Russia wants to circumvent oil boycott with ‘shadow fleet’: “Risk of accident with oil tanker greater than ever” | War Ukraine and Russia

According to ship brokers and analysts, Russia has now purchased more than 100 obsolete oil tankers. Uninsured and with the tracker turned off, they sail the world’s oceans to avoid Western sanctions. “The risk of a tanker accident is greater than it has been in a long time,” experts fear.


CVE

07-12-22, 12:21


Latest update:
12:27


Source:
Financial Times, Der Spiegel, The Guardian, ANP, BELGA

Shipbroker Braemar estimates that Moscow – which relies heavily on foreign tankers to transport its crude oil – has purchased more than 100 ships this year, the Financial Times reports. Vessels that normally serve Iran and Venezuela, two countries also subject to Western oil embargoes, are also being relocated.

The Kremlin is seeking to assemble a so-called “shadow fleet” in an effort to evade new international restrictions on oil exports.
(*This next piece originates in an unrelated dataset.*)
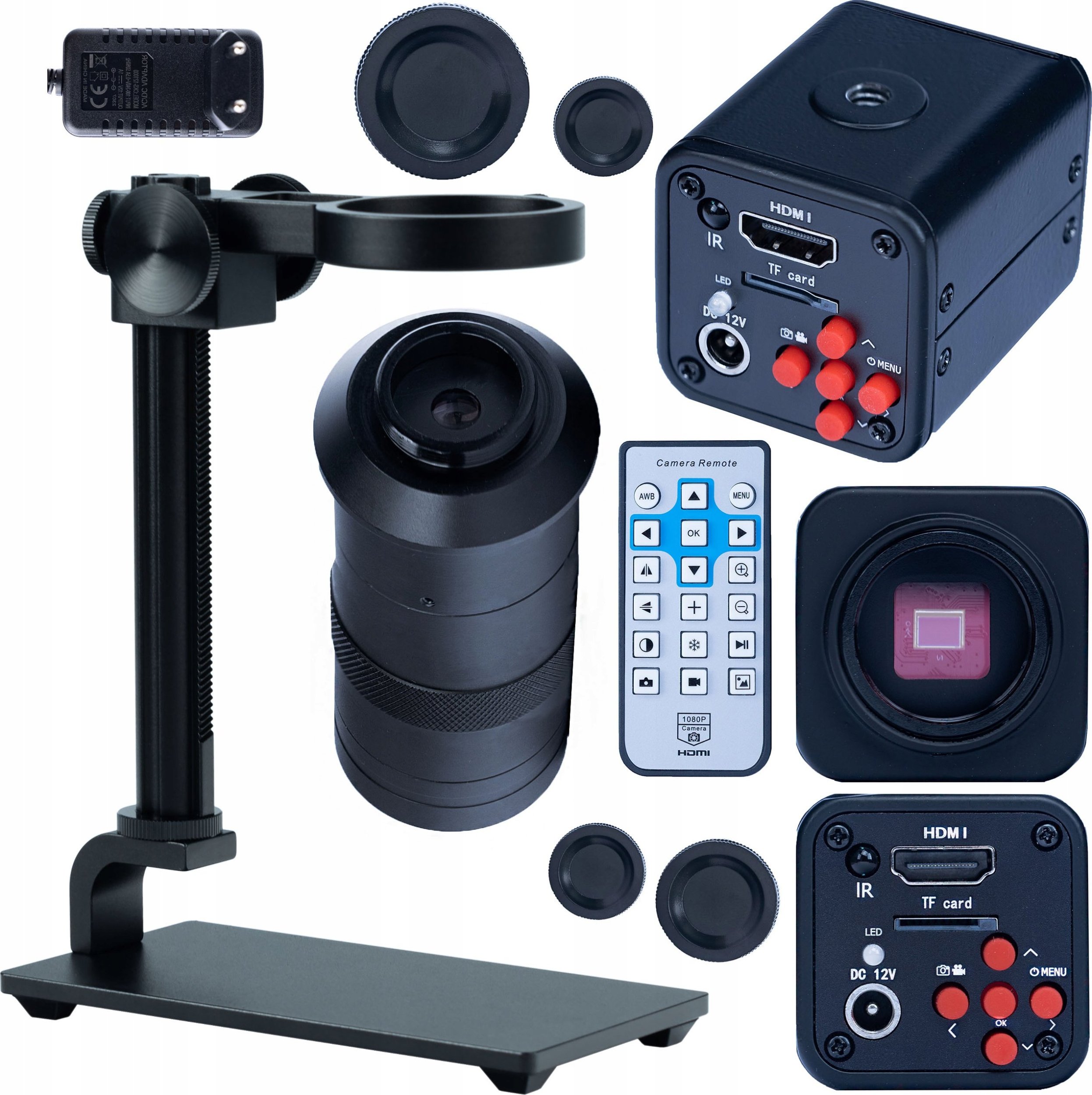 Mikroskop Rosfix MIKROSKOP CYFROWY Z KAMERĄ PLATFORMĄ I OBIEKTYWEM ZESTAW 3W1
After all, the price ceiling for Russian oil set by the European Union, Australia and the G7 countries came into force on Monday. The aim of the measure is to reduce Russia’s revenues, while giving Moscow the opportunity to supply the world market.

The measure means that only oil that is sold at a price of $60 a barrel or less can be delivered. In addition, there is also an embargo from the EU, US and Canada on deliveries of Russian oil at sea.

LOOK. “Russian oil price cap has three objectives”

Doubling

Maritime intelligence services, meanwhile, are seeing an increase in tankers disabling trackers to evade sanctions. The number of oil tankers linked to Russia that go completely “black” to avoid being tracked in the South Atlantic has doubled in recent months, The Guardian reports.

By disabling their tracking systems on the high seas, the ships can transfer oil unnoticed to other tankers, making it appear that their oil does not come from Russia. Tankers that can hide any ties to Russia through illegal shipments mid-ocean hope to sell their oil at normal prices.

Environmental disaster

According to an energy expert, the oil price cap imposed by the EU on Russia increases the risk of an environmental disaster at sea. “The risk of a tanker accident is greater than it has been in a long time,” the head of the Russia Institute at King’s College London, Adnan Vatansever, told Der Spiegel. According to Vatansever, ships of the shadow fleet are “quite old”. He does not know “in what condition, for example, the ships from Iran and Venezuela are – states whose economies have been suffering for years from Western sanctions”.

Vatansever doubts that Moscow can do without Western ships. “The shadow fleet is not big enough,” he says. According to insiders, the Russian oil industry would need about 240 tankers to export crude oil and products such as gasoline and diesel.

mechanisms

After all, Russia is the second largest exporter of crude oil in the world. Traders say the shadow fleet will lessen, but not eliminate, the effect of such sanctions. Without the ceiling, it would be easy for Moscow to find new buyers at market prices.

Earlier, Russia’s Deputy Prime Minister in charge of Energy, Alexander Novak, had already warned that Moscow would no longer supply oil to countries that would comply with the price cap. He predicted that companies would find “mechanisms to sell the affected products among themselves”.

Moscow considers three answers to oil price cap

Russia is considering three possible responses to the price cap on Russian oil introduced by the West. The business magazine Vedomosti reports this on Wednesday.

A first possibility is a complete ban on Russian oil companies from selling oil to countries that support the price cap. That would then concern the countries of the European Union and the G7. In this case, indirect purchases via third countries would also be blocked.

A second option would be to introduce a ban on contracts in which the price cap is fixed. In that case, it would not matter which country the buyer is, it sounds.

A third possible retaliatory measure would be a discount limit. This would mean that sellers of Russian Ural oil are not allowed to give a larger discount to the North Sea type Brent than set. The Ural grade oil is traditionally traded at a discount to Brent oil.